**The task**: Your reply should contain the whole listing below, repeated exactly, and no images.

**Supplied data**:
§

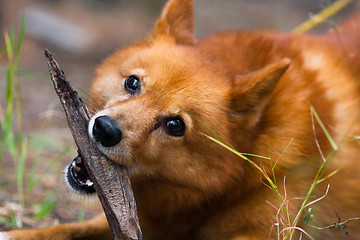 Image showing playing hunting dog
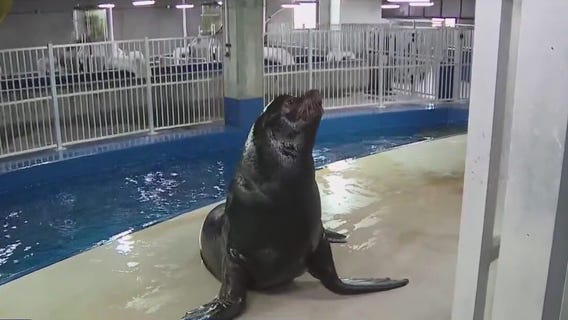 A 'summer of love' for Odysea Aquarium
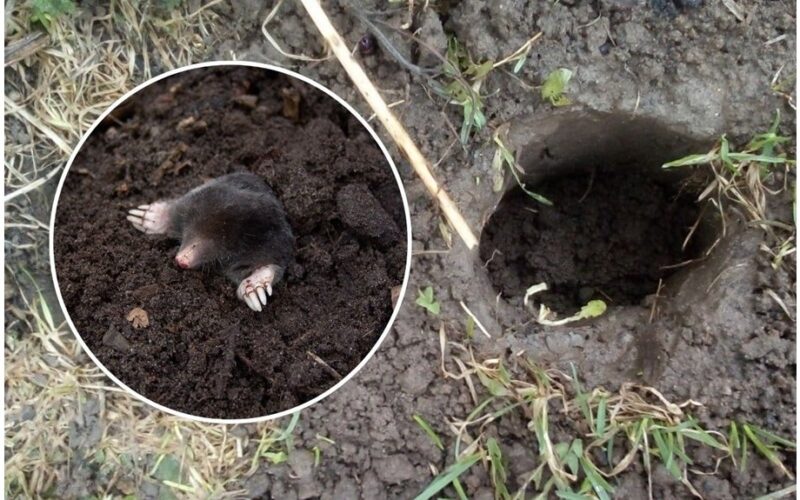 pigus milteliai atbaidė kurmius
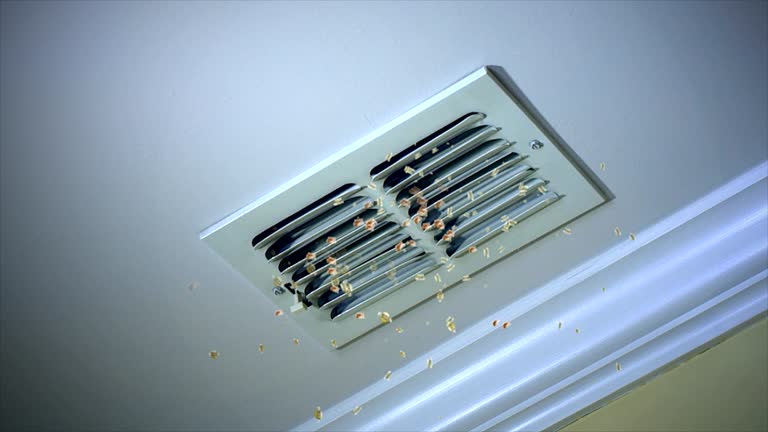 Best Affordable Duct Cleaning Services  in Normandy Park, WA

§

**Your response**:
 Image showing playing hunting dog
 A 'summer of love' for Odysea Aquarium
 pigus milteliai atbaidė kurmius
 Best Affordable Duct Cleaning Services  in Normandy Park, WA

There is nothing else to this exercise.